書いてある文字は「きゃふんきゃふん」という鳴き声。「きゃふん」って、確かにそう聞こえるかも? 擬音語のセンスはマンガを連想させる。

「ヘタウマに見えるかもしれないけど、それだけじゃない。まず下描きなしで、いきなり描いて、紙の中にきちんと収めるのって大変ですよ」(同)

 確かに何げないようで、人物の配置、構図などがピタリと決まって、ぶれがない。自在に押された「仙がい」の朱印も楽しい。
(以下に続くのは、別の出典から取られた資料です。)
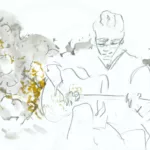 Dessin au crayon et à l'encre avec un guitariste et des traces variées (dans ma tête, la musique matérialisée)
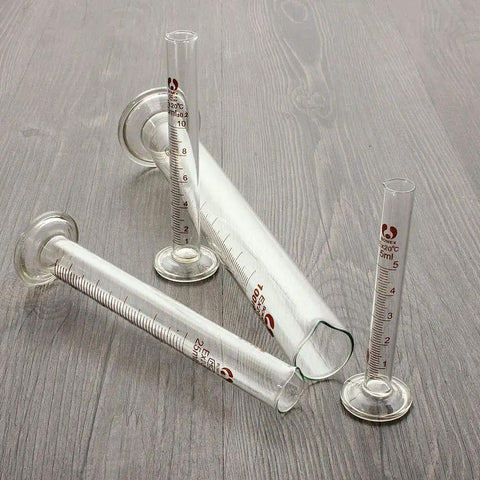 Five Piece Glass Graduated Measuring Cylinder Set for Lab Chemistry 5ml 10ml 25ml 50ml 100ml Borosilicate Glass with 2mm Walls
「ふざけて墨絵を描くときに、まず線を引いてみて、顔に見えるから顔にしちゃおうとか、決めずに描くのが面白い。頭の中に描きたい理想があって、脳が手をコントロールして完成させていくのとは逆の回路。手が描いちゃったから頭がそれを解釈するというか。頭と肉体が一体化している感じがします」

 とは、画伯の解説。

 駆け足で紹介してきたが、展覧会には禅画のみならず、当時の博多の風俗を題材にしたものなど、たくさんの作品が展示されている。きっとお気に入りの仙がいが見つかるはず(ちなみに、永青文庫でも「仙がいワールド」を開催中だ)。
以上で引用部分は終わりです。